A Review of the Soliciting for Prostitution Public Database
Report 22-10, December 2022
- Prostitution is treated as a minor offense in Florida and nationally, with arrest rates declining significantly since 2000. During the same period, the focus of policymakers has shifted to controlling commercial sex trafficking and its links to prostitution. To reduce demand for prostitution, many jurisdictions employ tactics aimed at sex buyers. These tactics include the use of public shaming to deter would-be sex buyers and discourage reoffending.
- Several provisions in Florida statutes criminalize prostitution and are variously aimed at prostitutes, sex buyers, and sex distributors. One statutory subsection (s. 796.07(2)(f), Florida Statutes) makes it unlawful to solicit, induce, entice, or procure another to commit prostitution, lewdness, or assignation. One of the more severe consequences for convictions of this subsection is being added to the Soliciting for Prostitution Public Database.
- OPPAGA’s review of the database found that the Florida Department of Law Enforcement’s (FDLE) implementation was a multi-step process involving delays in individuals appearing in the database. Some characteristics of the database limit its effectiveness as a strategy to reduce demand for prostitution. These characteristics include a lack of awareness of the database by some members of the criminal justice community and the limited information that it provides.

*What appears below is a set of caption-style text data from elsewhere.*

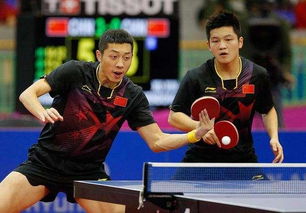 樊振东与队友在球场上交流战术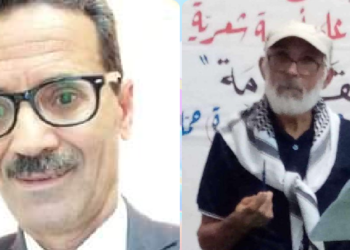 معارضة في شكل مشاكسة …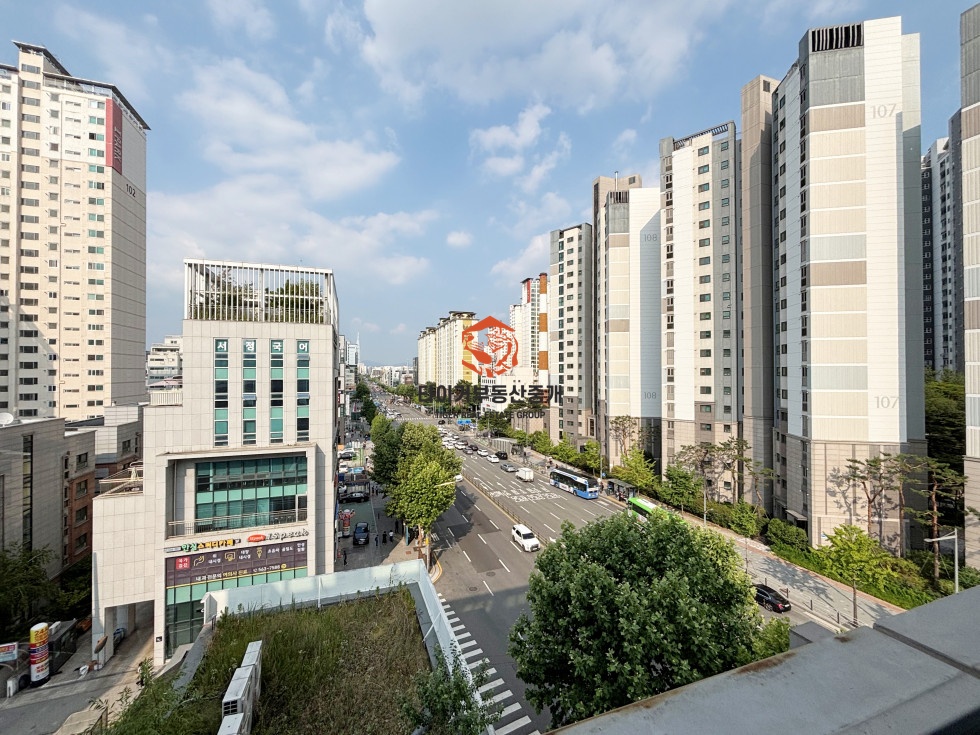 사진 14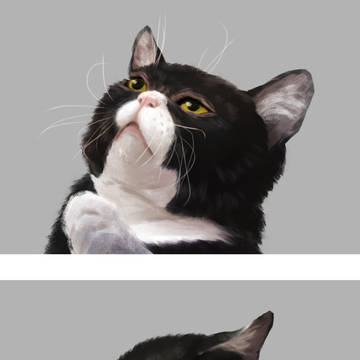 もんた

- The Legislature may consider several options regarding the future of the database. The Legislature could eliminate the database due to its characteristics, which may limit effectiveness, by taking no action to prevent its statutory repeal January 1, 2024. Alternatively, the Legislature and FDLE could make improvements to the database, such as expanding the information included, and adding crimes that will trigger inclusion in the database. In either event, the Legislature may wish to consider other statutory changes that could reduce the demand for prostitution by focusing on sex buyers. These changes include increasing the penalty for a first offense to a felony, condensing and clarifying current statutory subsections, and taking additional steps to change the perception of prostitutes from criminals to victims of coerced commercial sex and to criminalize those who purchase sex.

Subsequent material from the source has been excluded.